_Data provided_
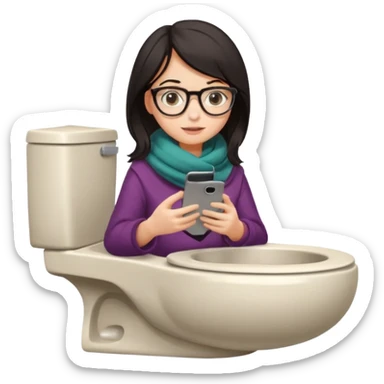 Fille châtain foncé avec lunettes. Elle porte une grosse écharpe. Elle est dans une cuvette de toilette. Téléphone en main. Realiste sticker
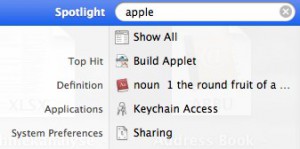 Spotlight (Mac) voorbeeld: zoeken naar Apple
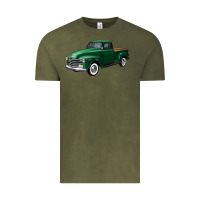 Vintage Olive western green truck right 34 view Vintage Tee - FaDigitalArtStudio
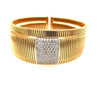 EXTRA LARGE 2.03CT DIAMOND 18KT 2 TONE GOLD 3D PAVE SQUARE CUFF BANGLE BRACELET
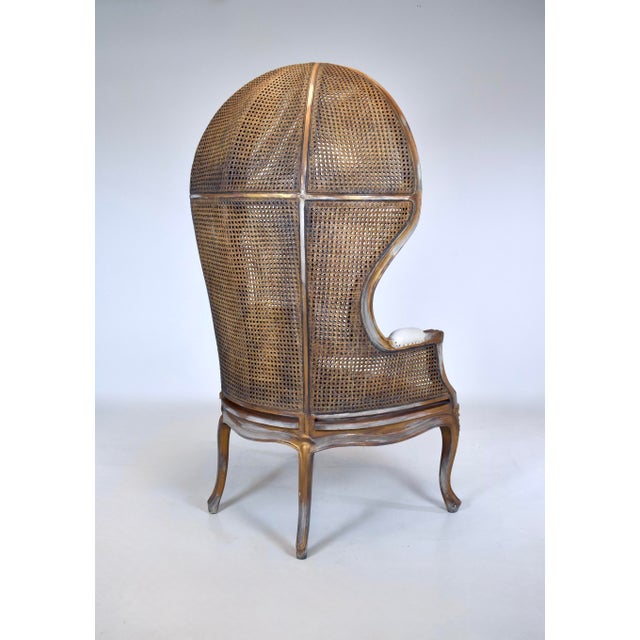 Vintage Canopy Porter Chair French Country Louis XV Style, Double Cane For Sale - Image 12 of 13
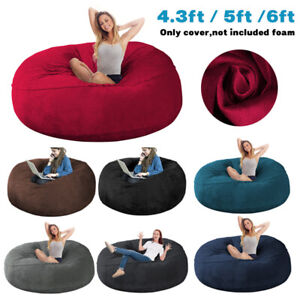 Large Bean Bag Chairs Adults Couch Lazy Lounger Sofa Cover Toy Storage 4.3FT-6FT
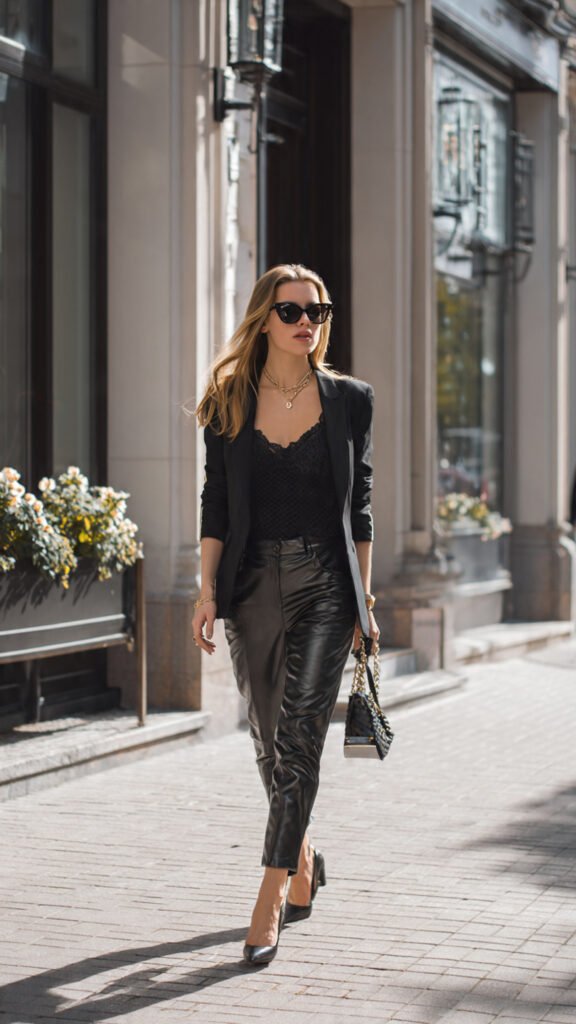 leather pants with blazer and camisole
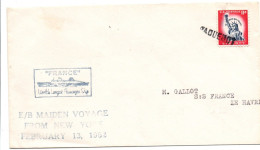 Paquebot France - Escale New York 02.1962 - Maiden Voyage Inaugural - Maritieme Post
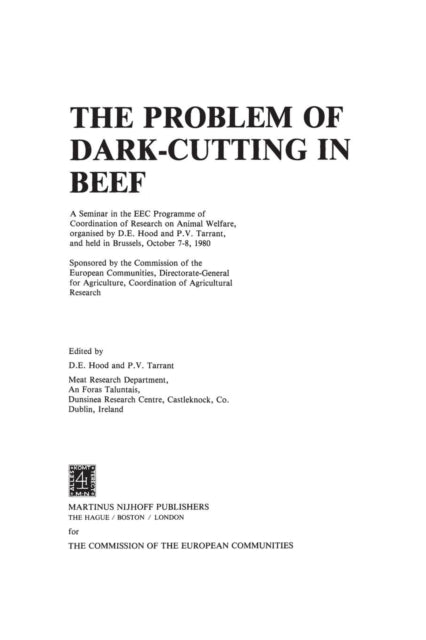 Book cover of: Problem of Dark-Cutting in Beef. By: D.E. Hood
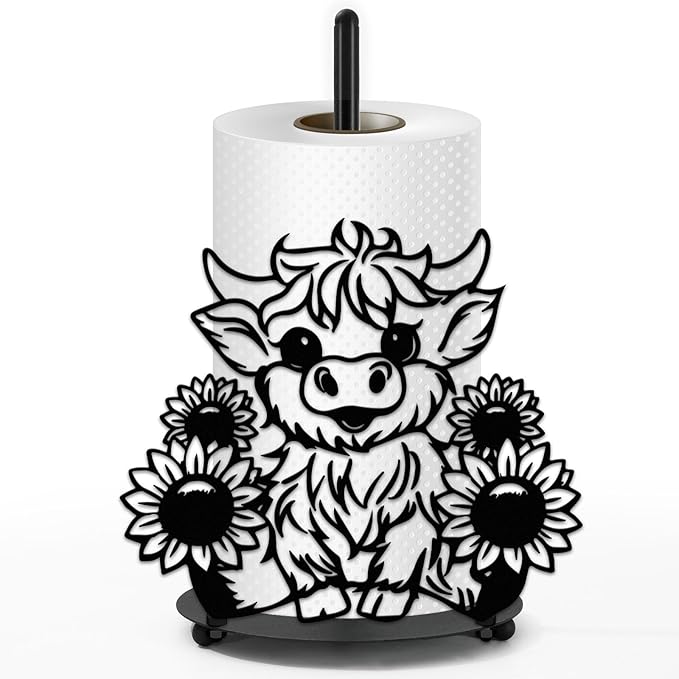 JarThenaAMCS Highland Cow Sunflower Paper Towel Holder Kitchen Decor Accessories Large Black Metal Towel Holder Stand for Farmhouse Home?Party Bathroom Countertop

_Task goal_
Starting at the line that contains "Spotlight (Mac) voorbeeld: zoeken naar Apple", write out every line through the end of the entries above exactly, and omit the pictures.

_Response_
 Spotlight (Mac) voorbeeld: zoeken naar Apple
 Vintage Olive western green truck right 34 view Vintage Tee - FaDigitalArtStudio
 EXTRA LARGE 2.03CT DIAMOND 18KT 2 TONE GOLD 3D PAVE SQUARE CUFF BANGLE BRACELET
 Vintage Canopy Porter Chair French Country Louis XV Style, Double Cane For Sale - Image 12 of 13
 Large Bean Bag Chairs Adults Couch Lazy Lounger Sofa Cover Toy Storage 4.3FT-6FT
 leather pants with blazer and camisole
 Paquebot France - Escale New York 02.1962 - Maiden Voyage Inaugural - Maritieme Post
 Book cover of: Problem of Dark-Cutting in Beef. By: D.E. Hood
 JarThenaAMCS Highland Cow Sunflower Paper Towel Holder Kitchen Decor Accessories Large Black Metal Towel Holder Stand for Farmhouse Home?Party Bathroom Countertop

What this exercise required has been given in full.